Activity
Drop the pictures and repeat the remaining data exactly.
· · ·
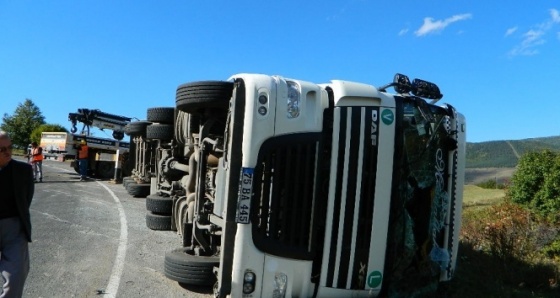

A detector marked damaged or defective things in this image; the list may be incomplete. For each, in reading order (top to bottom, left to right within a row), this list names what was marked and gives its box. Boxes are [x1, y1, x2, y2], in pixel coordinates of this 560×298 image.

overturned truck [138, 73, 466, 296]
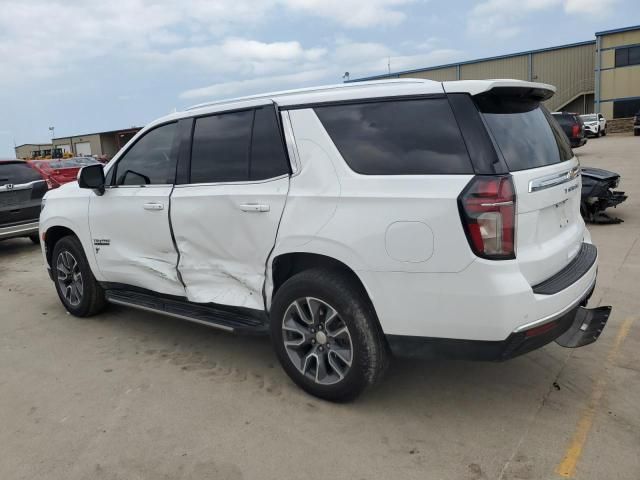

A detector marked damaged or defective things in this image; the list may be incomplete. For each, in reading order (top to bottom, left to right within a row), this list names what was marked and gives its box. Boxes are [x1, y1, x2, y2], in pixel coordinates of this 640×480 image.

dented door panel [171, 178, 288, 310]
damaged vehicle [38, 79, 608, 402]
damaged vehicle [580, 167, 624, 223]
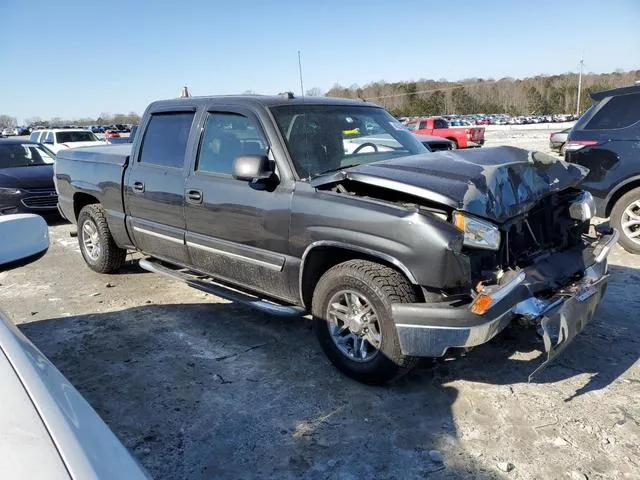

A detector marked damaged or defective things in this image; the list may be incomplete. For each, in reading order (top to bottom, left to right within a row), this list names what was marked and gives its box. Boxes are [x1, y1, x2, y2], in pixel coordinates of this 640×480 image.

crumpled hood [0, 166, 54, 190]
damaged black pickup truck [56, 95, 620, 384]
crumpled hood [312, 145, 588, 222]
crushed front end [392, 189, 616, 376]
detached bumper [392, 228, 616, 356]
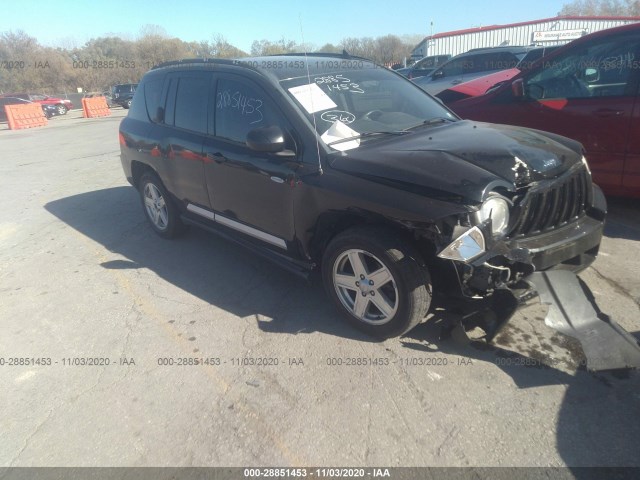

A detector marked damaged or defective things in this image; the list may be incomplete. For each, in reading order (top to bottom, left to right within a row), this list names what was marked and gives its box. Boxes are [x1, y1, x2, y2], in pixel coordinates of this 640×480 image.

broken headlight [478, 193, 512, 236]
front end damage [430, 165, 640, 372]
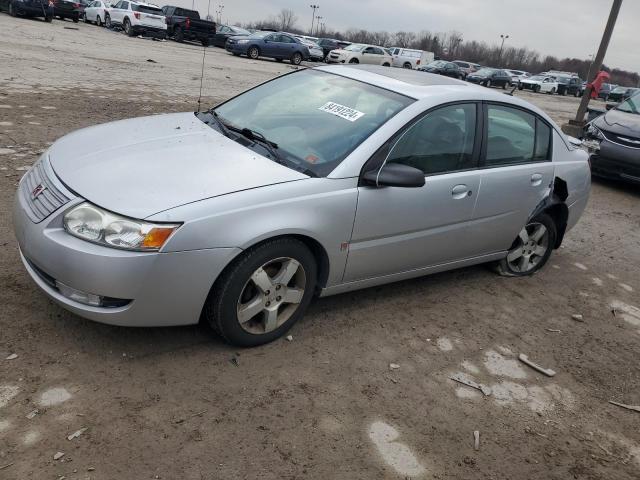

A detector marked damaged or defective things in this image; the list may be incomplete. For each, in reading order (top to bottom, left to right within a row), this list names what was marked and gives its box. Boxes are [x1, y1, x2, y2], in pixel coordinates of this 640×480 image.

damaged rear wheel [496, 215, 556, 278]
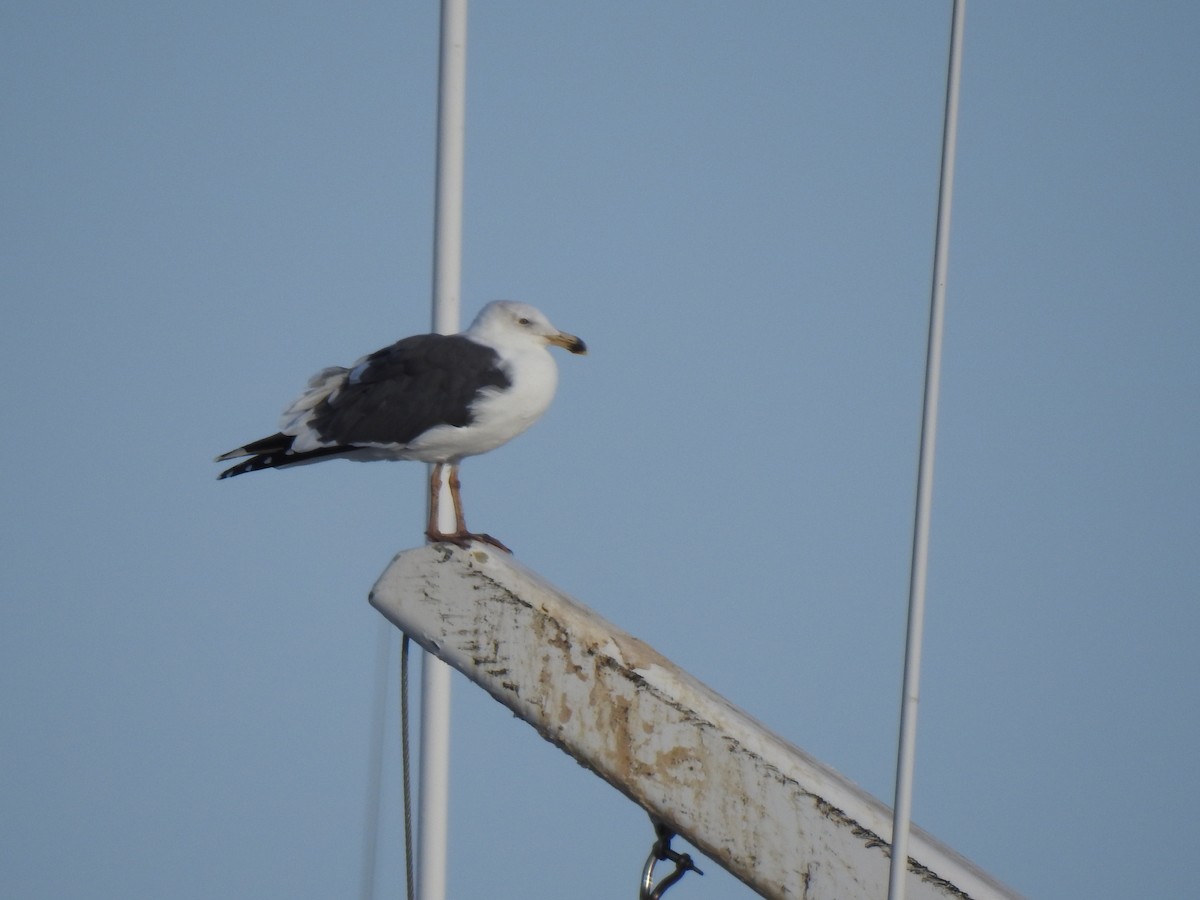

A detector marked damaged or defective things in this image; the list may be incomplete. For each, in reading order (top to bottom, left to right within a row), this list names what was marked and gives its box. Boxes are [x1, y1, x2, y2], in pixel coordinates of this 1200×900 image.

white paint chipping [368, 540, 1020, 900]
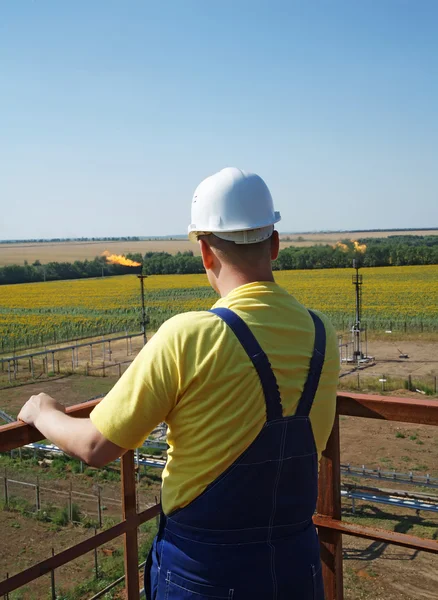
· · ·
Result for this task
A detector marked damaged or defective things in this image; the list may be incomplete. For each, in reading order (top to bottom, left to right within a row), this list names what was marked and gives its box. Boxes are [x1, y1, x2, y2], in pixel coordinates of this 560×298 image.

overturned truck [138, 73, 466, 296]

A detector marked damaged or defective things in this image; the list may be incomplete. For each, in reading order (top to bottom, left to right within a row), this list names what was marked and gives its box. Boxes are [x1, y1, x2, y2], in pixel coordinates of this 640×480 image.

dented door panel [171, 178, 288, 310]
damaged vehicle [38, 79, 608, 402]
damaged vehicle [580, 167, 624, 223]

A detector marked damaged or defective things in this image; the list may be incomplete. For each, in reading order (top to bottom, left to right within a row), this list names what was marked and gives its box. Boxes are [x1, y1, x2, y2], in pixel coordinates of this 640×480 image.

crumpled hood [0, 166, 54, 190]
damaged black pickup truck [56, 95, 620, 384]
crumpled hood [312, 145, 588, 222]
crushed front end [392, 189, 616, 376]
detached bumper [392, 228, 616, 356]

A detector marked damaged or defective things in this image; the list may be incomplete. For each, in reading order (top to bottom, left to right within a row), this list names what was marked and gives its box. Boxes are [x1, y1, x2, y2], in pixel coordinates of this 640×480 image.

broken headlight [478, 193, 512, 236]
front end damage [430, 165, 640, 372]

A detector marked damaged or defective things in this image; the list may be incomplete. For each, in reading order (top to bottom, left to right within a row), this list names what was marked and gives its box. Boxes are [x1, y1, x2, y2], in pixel coordinates of this 640×480 image.

damaged rear wheel [496, 215, 556, 278]

A detector marked damaged or defective things in this image; the list may be incomplete. For each, in reading order (top to bottom, left to right within a row), this list names what was marked and gives its box. Boxes are [x1, y1, x2, y2], in pixel coordinates of this 1200×900 image.

white paint chipping [368, 540, 1020, 900]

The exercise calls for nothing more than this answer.